On Saturday (22nd May, 2010) I headed down to the ‘Save 6Music’ demo outside BBC Broadcasting House, arguably the spritual home of UK radio. It was perhaps the politest demonstration to hit London in recent times, with cakes, sunshine and banner slogans such as ‘Would you mind awfully if we kept 6Music, we’re rather fond of it’. 6Music’s Jon Holmes compered the proceedings fantastically, reading out messages of support from bands and artists and getting the crowd to chant banner slogans that he spotted from the small stage.
Around 1000 fans of the station turned out to hear rallying cries from presenters Liz Kershaw, Collins and Herring and Shaun Keaveny topped off with a brilliantly comical rant from Ed Byrne. (You must Listen! ) In addition to these speeches there was also music from a band that the station has supported and a man with a beard snuck in a (not so) subtle message about saving the station as he took to the stage to sing, resplendent in a purple velvet jacket.

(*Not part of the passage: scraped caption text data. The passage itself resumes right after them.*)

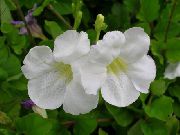 бял Цвете Asystasia  Стайни растения снимка
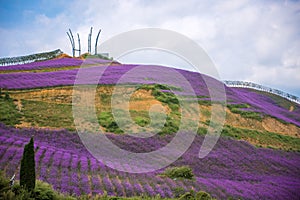 Beautiful Lavender Field Park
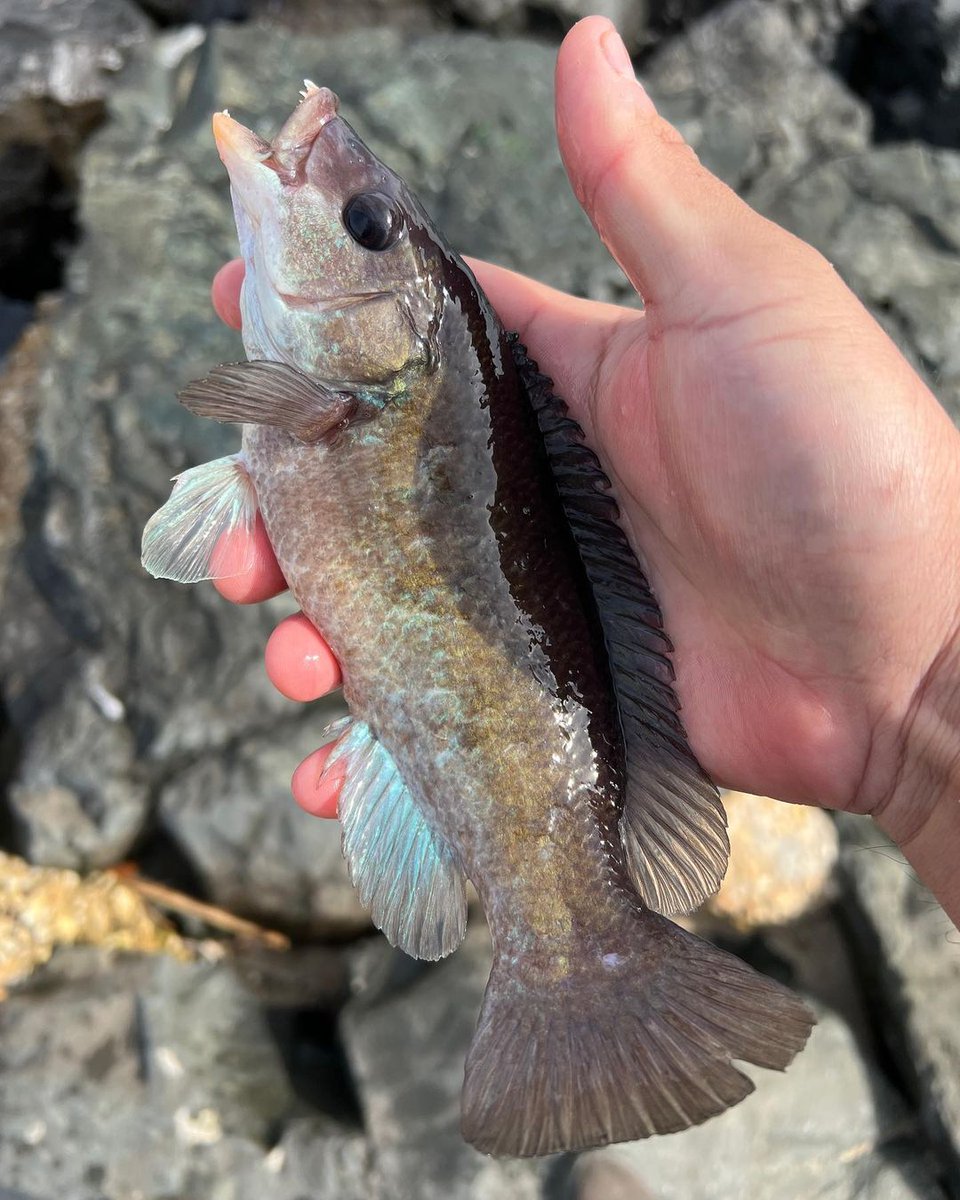PlusinnoUSA's tweet photo. Johnny's saltwater fishing adventure with Plusinno rod and reel. πππ
https://t.co/ji4FP9rdbM
.
.
.
#fishing #catchandrelease #fishinglife #fishingislife #plusinno #fishinglovers #fisherman #angler #angling #fishinggear #fishingreel #fishingrod #saltwaterfishing https://t.co/6lmyEGV5Gn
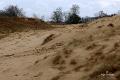 Loonse duinen   26
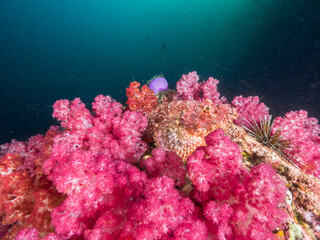 Fototapeta na wymiar Bearded scorpionfish surrounded by pink Carnation tree corals (Mergui archipelago, Myanmar)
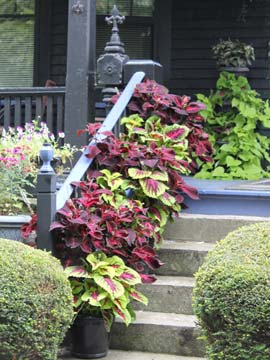 Coleus pots line steps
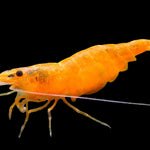 LIVE FRESHWATER AQUARIUM PREMIUM QUALITY SUNKIST SHRIMP NEOCARIDINA 10/$30, 20/$50 (FS-25)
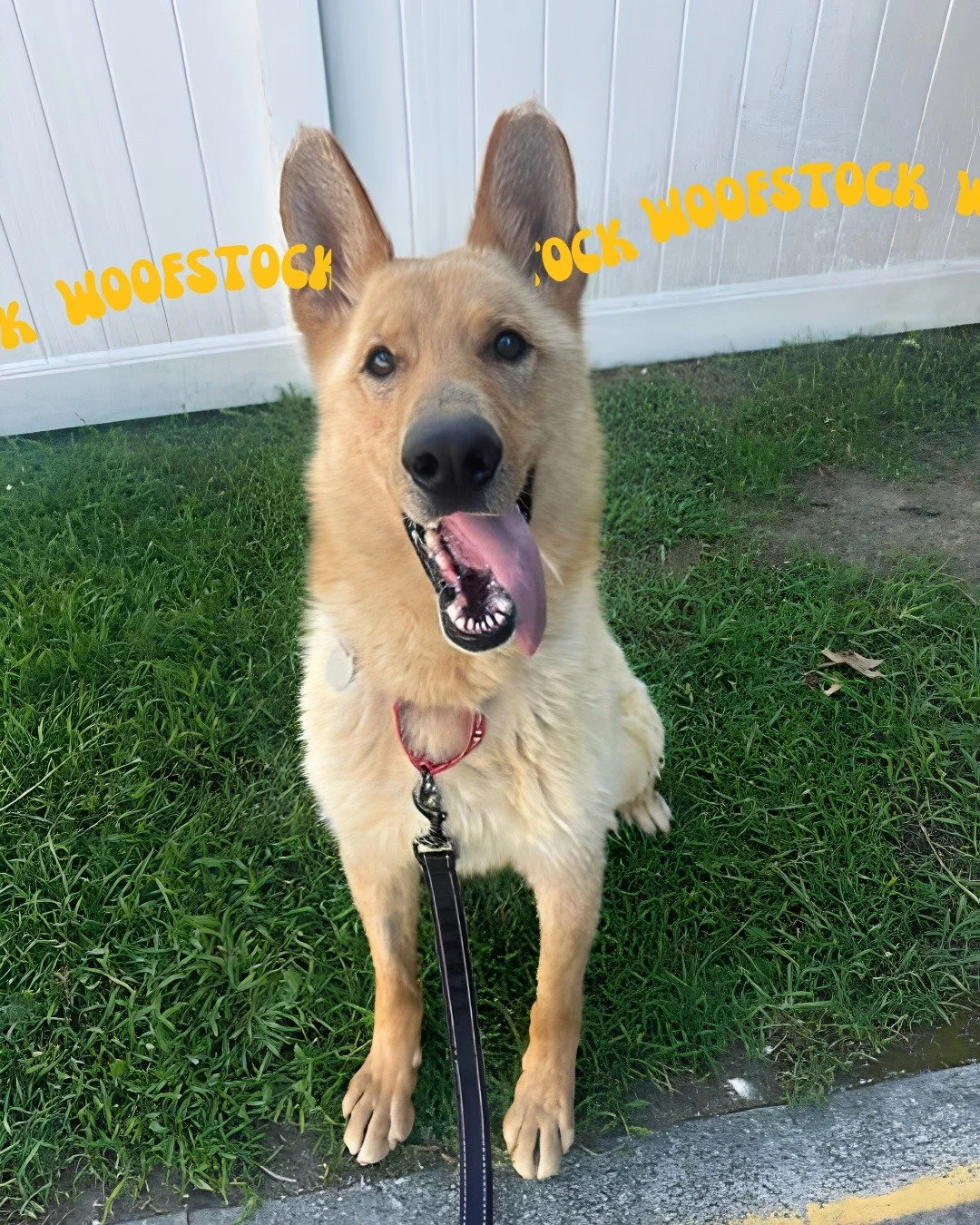 Chuck Woodchuck has been picking up some chatter on his radar dish ears. He wants to know, have you heard about Woofstock?

It's this Saturday from 11am - 4pm.

There will be live music, food trucks, vendors, kids activities, and ADOPTABLE PETS!

If 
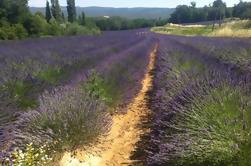 Small-Group Lavender Tour of Luberon Villages, Lourmarin, Roussillon and Sault from Aix-en-Provence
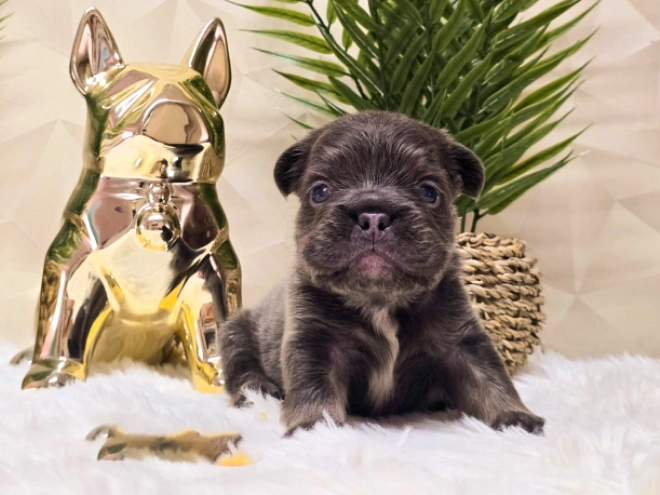 French Bulldog puppy for sale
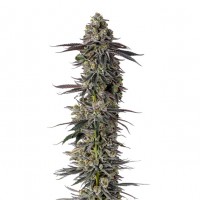 Growers Choice - Mimosa Gusher Limited
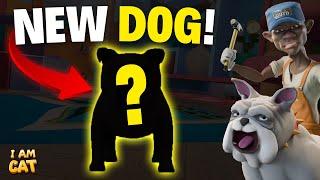 WHERE to FIND NEW DOG *CHUBBY* in FULL RELEASE (I Am Cat VR)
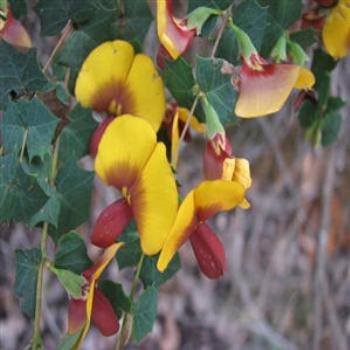 <b>Wild Flowers - Wendy/Perth</b>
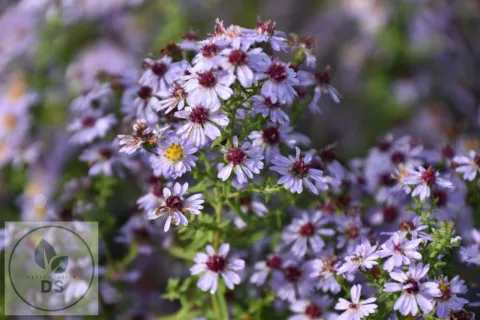 Aster eric. 'Blue Star'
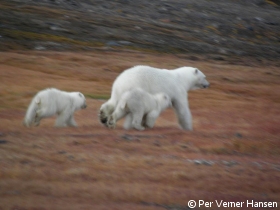 Thumbnail of Mor med 2 unger 28 aug.jpg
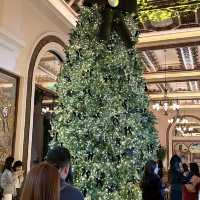 🎏香港尖沙咀半島酒店🎄超靚 Chanel聖誕樹打卡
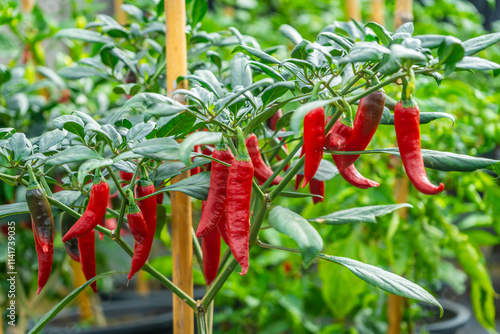 The fruits of the chili peppers in the backyard vegetable garden.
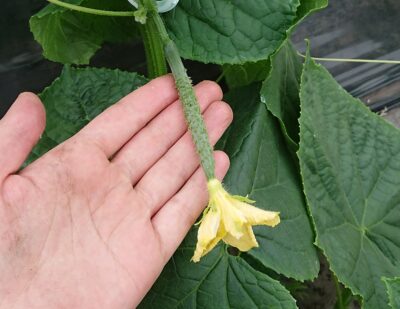 キュウリの育て方 最も素直でデリケートな野菜 こまめな管理をしましょう さびまりの野菜栽培ブログ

Cerys Matthews, who also hosts a show on the station, attacked the ‘uninformed decision to axe 6Music’ and explained that ‘we must be here to cherish the BBC and to cherish programmes and stations like 6Music’. With her young son in tow, she added ‘I wanted him to witness this day that we came to save 6Music. I wanted him to come and witness the day we came to save the BBC as we know it’. She spoke with passion and obviously hit a chord with the assembled crowd. You can listen to her speech here. Listen!
Liberal Democrat Lord Clement Jones vowed to ask a question about the future of 6Music as soon as the House of Lords returns, saying that ‘6Music is ‘absolutely vital for the future of new music’.
BBC Asian Network supporters joined in the demo and representatives of the station brought a bit of Bhangra to the afternoon, engaging everyone in what they claim was ‘the world’s first Bhangra flashmob’, before waving off musician Ranvir Singh Verma who started on his 120-mile backward walk to Birmingham, to highlight what a backward step it would be to close the Asian Network.
By 2pm the main protest was winding up and people headed for a free music gig in Great Portland street, headlined by the Magic Numbers, who played for free to show their support for 6 Music and were introduced by Steve Lamacq, who also spared me a moment to talk about what 6 Music means to him.
There was a real sense that this was about more than saving a radio station, this was about standing up for the BBC as a whole and continuing to support the brilliant work it does to reach out to, entertain, inspire and educate people. I don’t know what will happen, but I strongly suspect (and hope) that 6 Music is saved from closure. The station has just had unprecedented RAJAR results, which show not only an increase in audience, but an increase in the amount of time that people spend listening to the station. It appears that the accidental result of announcing that the station may close was the greatest advertising campaign that they could ever have asked for. The grass-roots support and word-of-mouth recommendation from the station’s listeners is the sort of thing that most marketing folk can only dream of. On the flip-side of this is the Asian Network, which despite the media attention has still lost listeners. Something is not right there, and I think that the station will be taking a long hard look at its strategy if it wants to maintain any hope of staying alive.
As I said in my comments on the BBC strategy review consultation, 6Music takes the risks that other broadcasters can’t manage, and serves and audience others can’t reach. It plays a selection of music unrivalled by any commercial operation, promotes emerging talent and it is driving people towards take-up of DAB, all of these are things that fit the BBC’s core values. Why would you axe it?
To steal a phrase from Jon Holmes – ‘6Music is like a crazy diamond, shining out from the sludge of music radio’ and as Jarvis Cocker said at the Sony’s ‘6Music doesn’t want to change the world, it just wants to make it a little bit nicer’. Judging from the polite passion I observed on Saturday, it’s doing a pretty good job on both those fronts. So in the words of Cerys Matthews: ‘Viva BBC! Viva 6Music!’